Task instructions: For this listing, reproduce the line with "In this way", the line with "And then once", and the lines between, exactly as they stand. Leave out pictures and all other lines.

Records to use:
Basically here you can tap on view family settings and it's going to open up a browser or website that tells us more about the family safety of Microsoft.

* * *

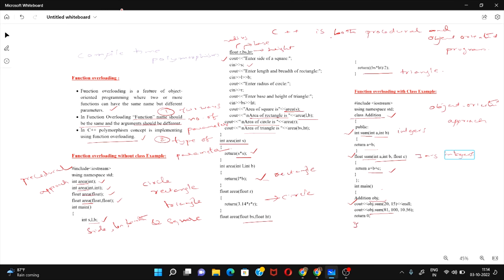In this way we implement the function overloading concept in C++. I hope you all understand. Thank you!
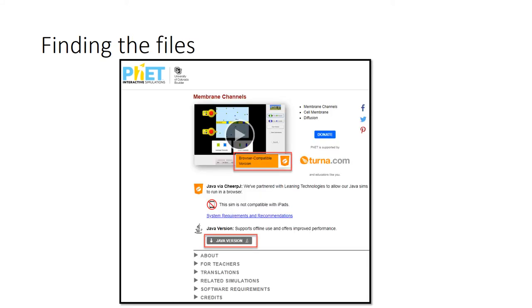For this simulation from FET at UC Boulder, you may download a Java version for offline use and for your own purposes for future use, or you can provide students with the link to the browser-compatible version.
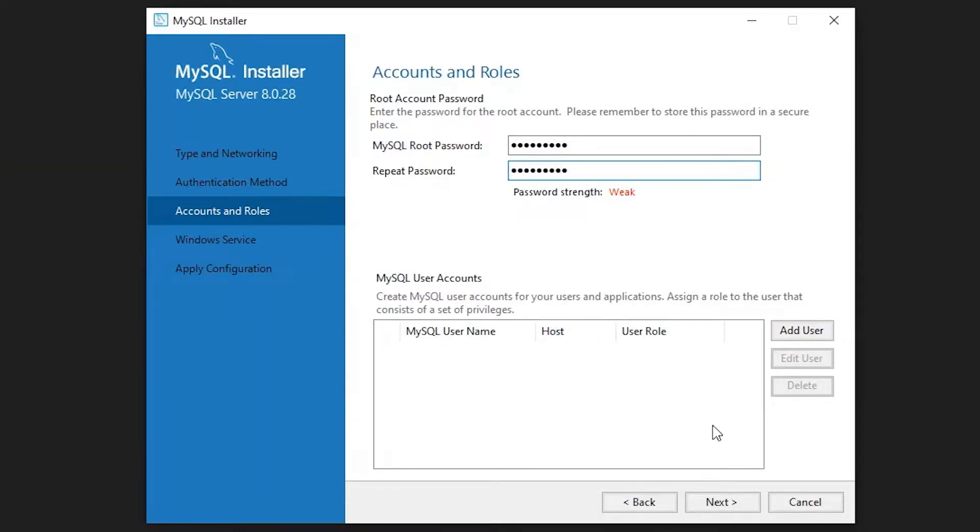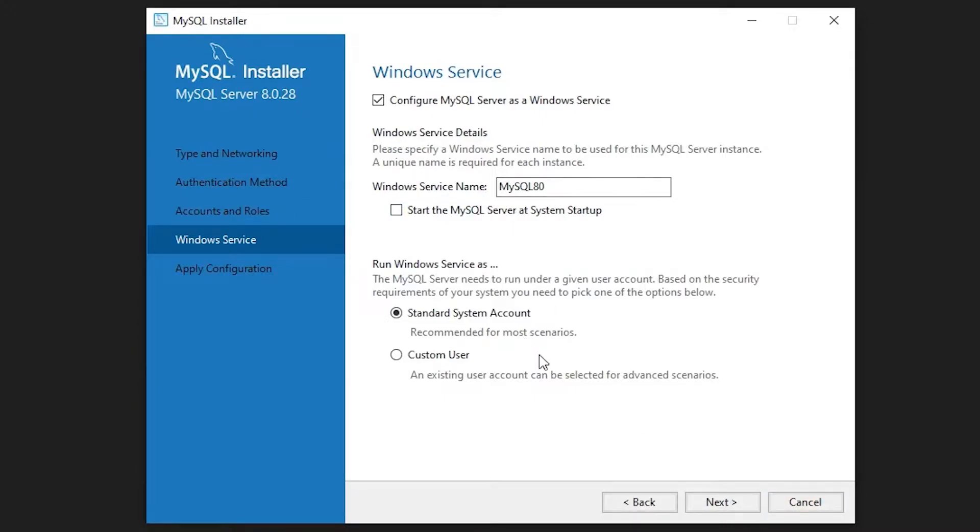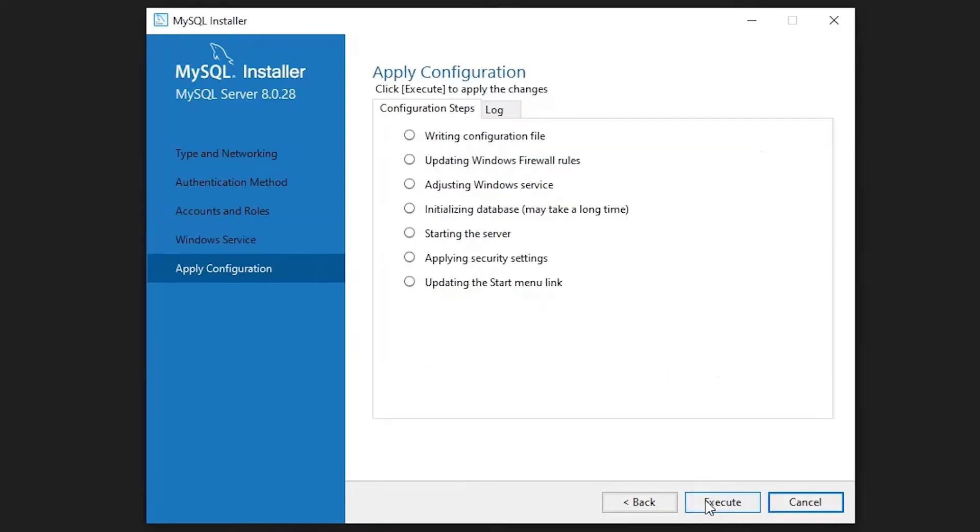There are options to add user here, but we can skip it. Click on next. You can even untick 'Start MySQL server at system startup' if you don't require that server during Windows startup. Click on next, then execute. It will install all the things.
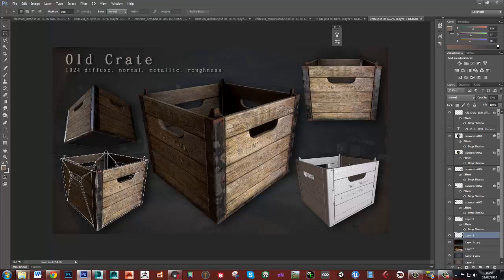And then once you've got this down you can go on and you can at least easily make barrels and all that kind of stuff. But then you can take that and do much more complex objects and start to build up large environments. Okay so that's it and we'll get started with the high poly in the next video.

Exercise response:
In this way we implement the function overloading concept in C++. I hope you all understand. Thank you!
For this simulation from FET at UC Boulder, you may download a Java version for offline use and for your own purposes for future use, or you can provide students with the link to the browser-compatible version.
There are options to add user here, but we can skip it. Click on next. You can even untick 'Start MySQL server at system startup' if you don't require that server during Windows startup. Click on next, then execute. It will install all the things.
And then once you've got this down you can go on and you can at least easily make barrels and all that kind of stuff. But then you can take that and do much more complex objects and start to build up large environments. Okay so that's it and we'll get started with the high poly in the next video.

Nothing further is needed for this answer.